Jesiden demonstrieren für Jesiden (dpa)
Jesiden demonstrieren für Jesiden / ( dpa )

Weiter dramatisch ist die Situation der Flüchtlinge im Nordirak. Allein im August floh innerhalb weniger Tage eine halbe Million Menschen vor der brutalen Gewalt der Terrorgruppe "Islamischer Staat" (IS) in das von Kurden kontrollierte Gebiet. Fast alle Katastrophen- und Entwicklungshilfewerke wollen die Hilfe ausbauen, doch die Voraussetzungen sind nicht gerade einfach: zu wenig Spenden, viel Zeitdruck, eine politisch komplizierte Situation und ein nachlassendes Medieninteresse an der humanitären Katastrophe.

Misereor-Geschäftsführer Martin Bröckelmann sagt: "Wir können uns keine Katastrophenmüdigkeit leisten." Er spricht von Menschen, die mit "nichts als ihrer Kleidung am Leib" ihre Heimat verlassen haben.

Mehr Geld hilft mehr

Und nun auf Hilfe warten. Das Aachener katholische Hilfswerk stützt sich nach seinen Worten auf ein breites Netz an weltkirchlichen Strukturen, kann auch im Irak helfen, außer in den von den Terrorgruppen besetzten Gebieten. "Mit mehr Geld könnte wir auch mehr machen", sagt Bröckelmann-Simon.

Christoph Klitsch-Ott, bei Caritas International in Freiburg für den Nahen Osten zuständig, sieht das auch so und warnt schon jetzt davor, dass spätestens in drei Monaten im Nordirak die Zeit der frostigen Temperaturen beginnt. "Es wird eine große Herausforderung, die Leute durch den Winter zu bringen. Das wird hart." Gemeint sind die Schicksale von Jesiden, Christen und muslimischen Schiiten. "Die Bilder über die katastrophalen Zustände in den Lagern lügen nicht."

Die Medien sind mit Nabelschau beschäftigt

Doch davon gibt es immer weniger. Der Fokus der Medien hat sich seit rund einer Woche verändert: weg von der Lage vor Ort, hin zur innerdeutschen Nabelschau über die Frage nach dem Ob und Wie von Waffenlieferungen. "Mit der innerdeutschen Diskussion sind in Nachrichtensendungen schnell drei bis vier Minuten gefüllt", sagt Klitsch-Ott. Bröckelmann-Simon befürchtet ebenfalls, dass die "humanitäre Perspektive ins Hintertreffen gerät". Dabei sei es eine Illusion zu glauben, Waffen könnten die Katastrophe beenden.

"Vielleicht wird der Krieg auch nur intensiver und die humanitäre Lage noch schlimmer."

Syrien gerät in Vergessenheit

Immer stärker aus dem Blick zu geraten droht die Lage in Syrien, obwohl es zwischen der Situation dort und den Auseinandersetzungen in Irak enge Zusammenhänge gibt.

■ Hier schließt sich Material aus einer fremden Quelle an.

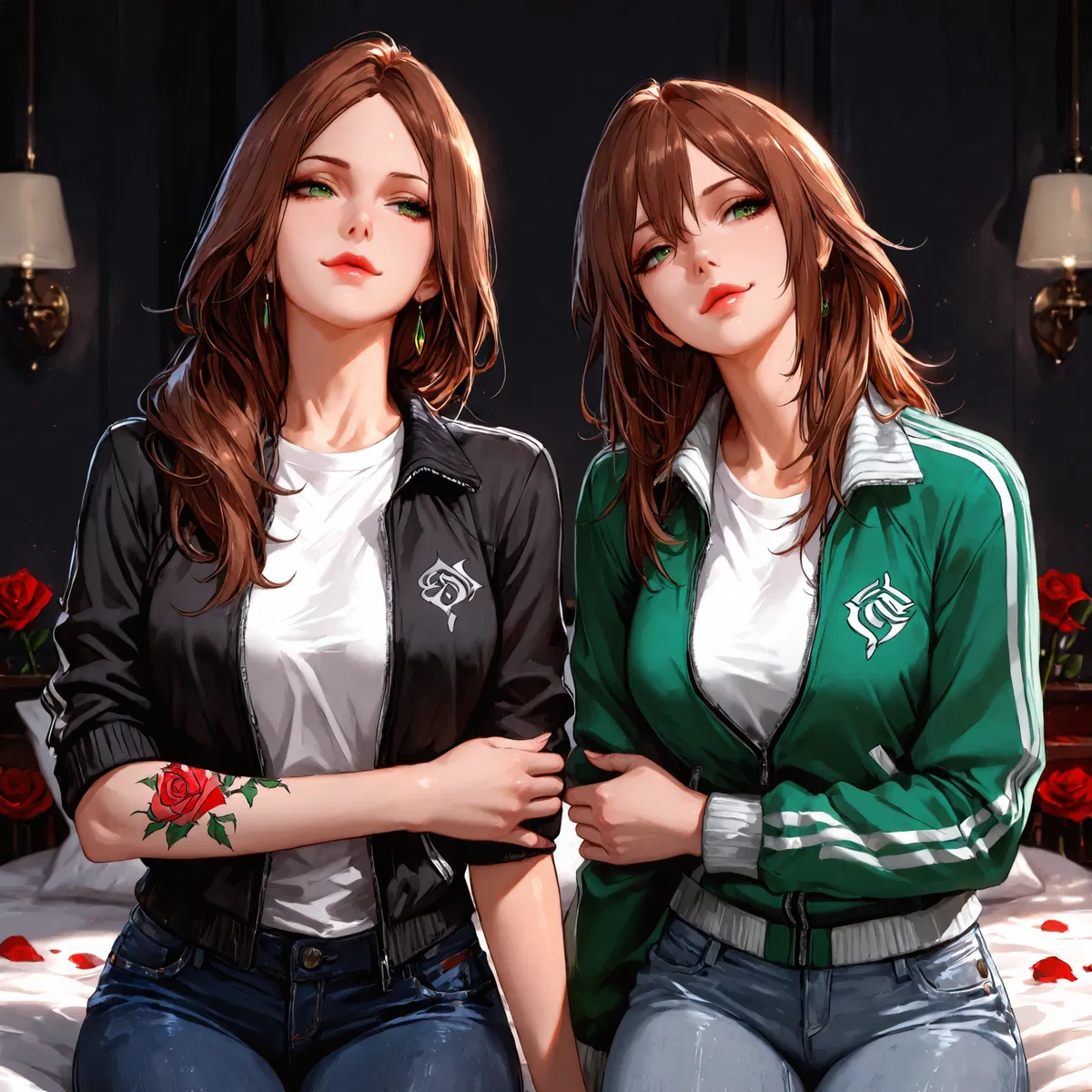 Avatar of Ellie/Ollie Trehore (Twins | Birthday Party | BABE IT'S TIME FOR THE TWIN SANDWICH)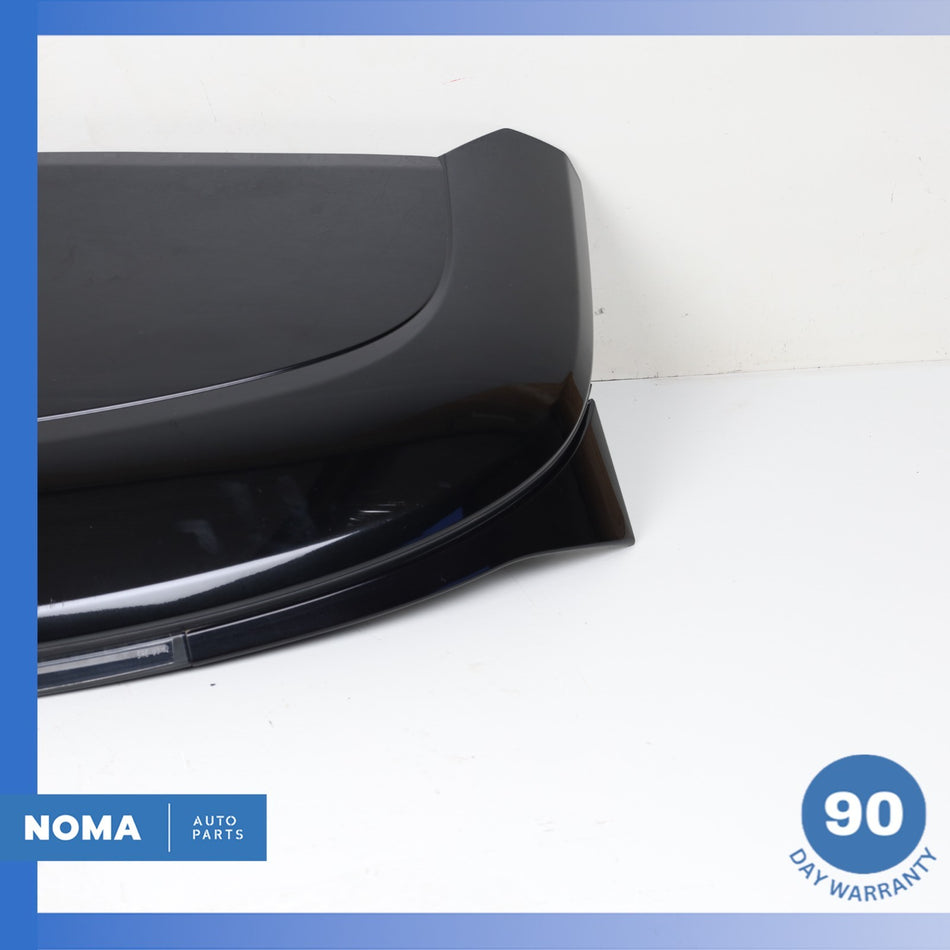 13-22 Land Rover Range Rover L405 Rear Top Upper Lid Spoiler w/3rd Stop Lamp OEM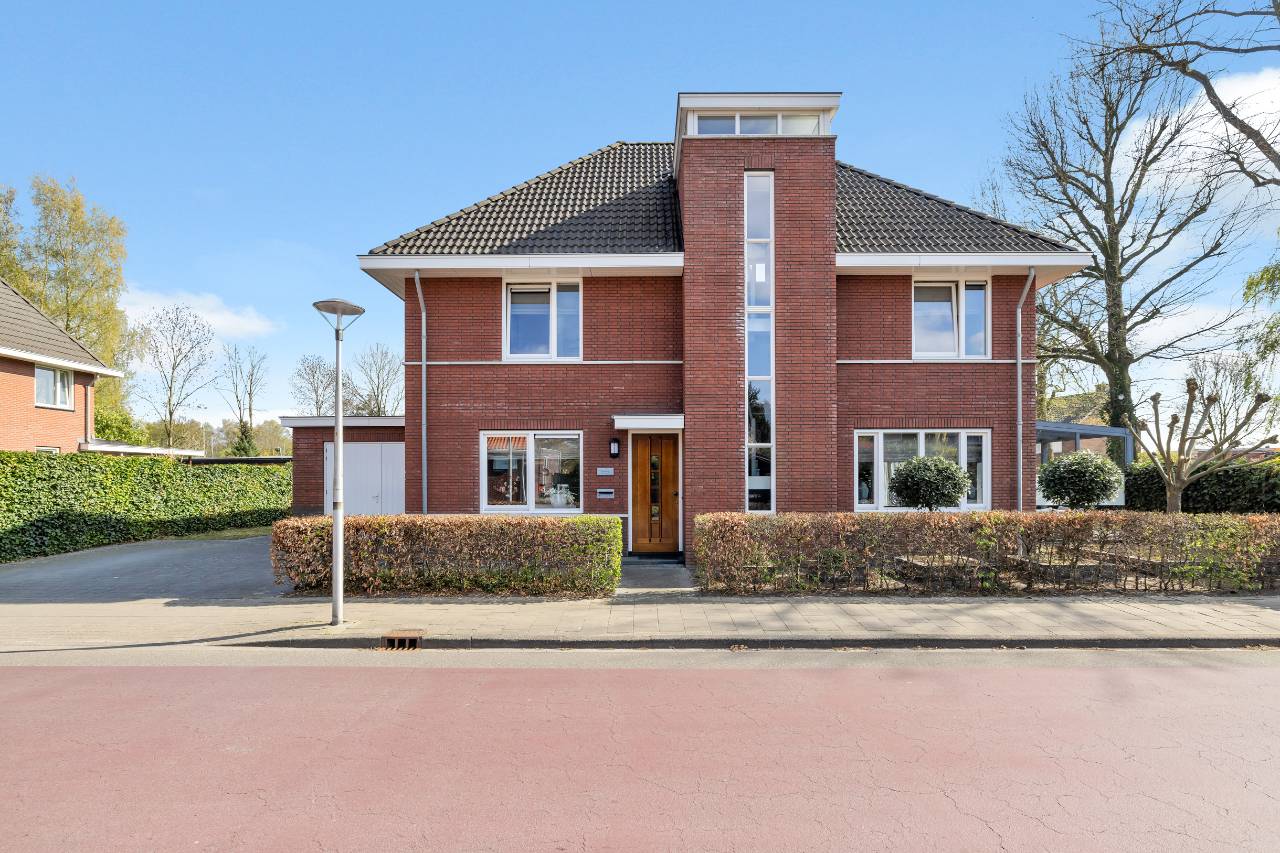 Foto van Tegelerweg 2, Enschede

Schließlich fand der IS nicht zuletzt über den syrischen Konflikt zu seiner heutigen Macht. Mit einem hohen siebenstelligen Betrag ist Syrien inzwischen der Konflikt, in den die meisten Mittel aus Freiburg fließen. Dort gibt es fast fünf bis sechs Millionen Binnenflüchtlinge. Auch Bröckelmann-Simon nimmt wahr, dass "keiner mehr über Syrien redet".

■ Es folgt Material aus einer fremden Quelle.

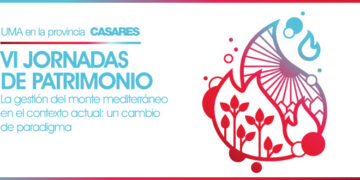 Las VI Jornadas de Patrimonio se centrarán en la gestión del monte mediterráneo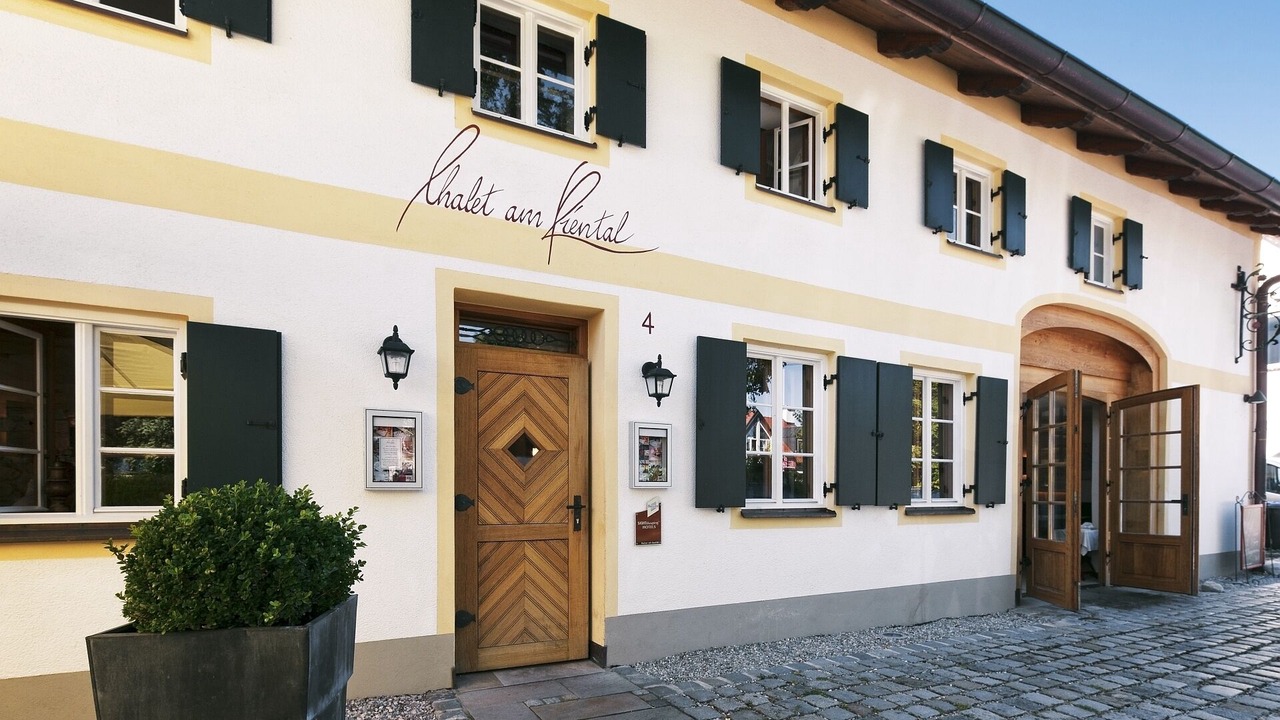Photo of Outdoor in Herrsching am Ammersee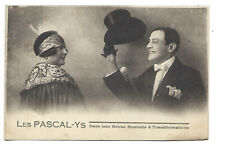 Spectacle cabaret pascal d'occasion  Toulon-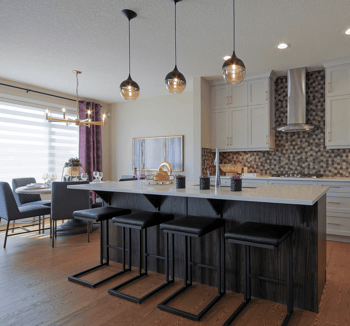 6 Benefits of Using an Interior Designer Kitchen Image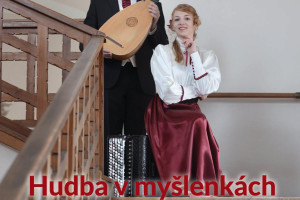 HUDBA V MYŠLENKÁCH MASARYKOVÝCH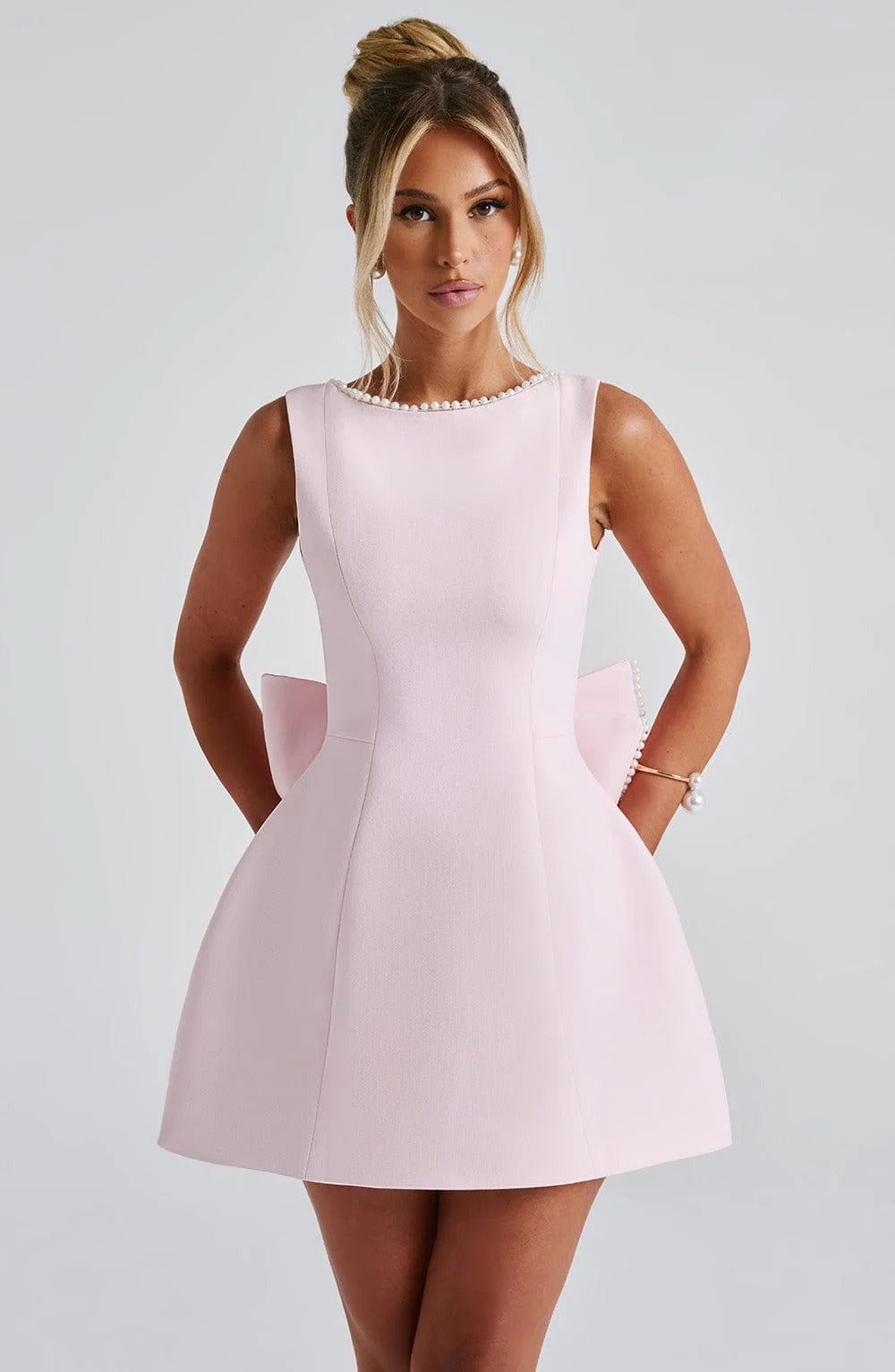 Edna Mini Dress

Entsprechend ist laut Klitsch-Ott "das Spendenaufkommen für Syrien nicht schlecht, für den Nordirak als eine Art Bürgerkrieg aber vergleichsweise gut". Dies hängt damit zusammen, dass es prinzipiell leichter ist, nach Naturkatastrophen wie Hurricans, Tsunamis, Erdbeben oder Dürren Geld einzuwerben. Bei kriegerischen Auseinandersetzungen stellen sich Menschen laut Bröckelmann-Simon dagegen immer die Frage, "wo die Guten und wo die Schlechten sind".

Hohe Katastrophendichte

Er sieht auch die Gefahr, dass Menschen angesichts der hohen Katastrophendichte - Syrien, Gaza-Krieg, Ebola, Irak - innerlich zumachen. Beide Werke sind froh, dass sie einen Teil ihrer Mittel aus staatlichen Quellen erhalten.

Klitsch-Ott beobachtet bei beiden Brandherden "eine neue Qualität der Auseinandersetzung". Es werde schon seit zwei Jahrzehnten schwerer, dass die Neutralität von Hilfsorganisationen bei Auseinandersetzungen akzeptiert werde. Doch der IS gehe sogar gezielt gegen Helfer vor.

"Sie werden zur Beute gemacht." Entsprechend ist sowohl für die Caritas als auch für Misereor direkte Hilfe in IS-Gebieten nicht möglich. Damit müssen die Hilfswerke leben. Bröckelmann-Simon geht davon aus, dass es "möglicherweise richtig lange dauern kann, diesen Flächenbrand zu löschen".